Duong was born in Vietnam, where his father served in the army and his mother attended law school. When Duong was a baby, his family moved to Chicago to start a new life.

“My childhood was actually great despite my complete hearing loss,” Duong said of his early years in the U.S. “But high school was challenging for me to adjust. That experience proved to be advantageous later on as it taught me to figure out how to respond in socially ambiguous situations.”

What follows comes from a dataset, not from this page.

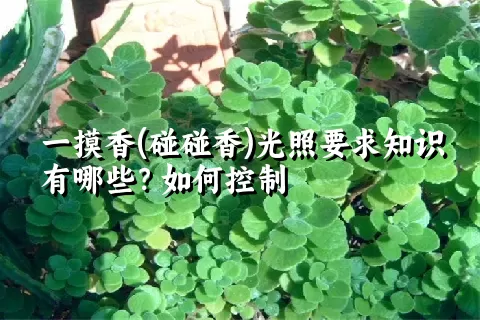 一摸香(碰碰香)光照要求知识有哪些？如何控制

While in high school, a teacher encouraged Duong to apply for a summer internship at the American Cancer Society and he soon found himself working in a lab at Northwestern University. It was there that his interest in biology was piqued.

Duong earned a Bachelor of Science in Biology degree from University of Illinois at Chicago, then enrolled at Northeastern to pursue a master’s degree.

“I chose Northeastern because I heard that class sizes are usually small and students receive a lot of attention from professors,” Duong said. “It was also because of the educational value that Northeastern provides relative to its tuition cost.”

Duong said his long-term goal is to work in a research-intensive university. “There are universities that prioritize teaching, but it would be cool if I could see my research make an impact on healthcare somehow,” he said.

Stojković has little doubt he will make that impact.

“In his pursuit of an academic career and entering a Ph.D. program, Phu is taking on a serious challenge,” she said. “In my lifetime, I have not met a single deaf scientist who holds a Ph.D. in my area of expertise. In general, there are very few scientists with disabilities. We have to change that. If anyone can do that, Phu can.”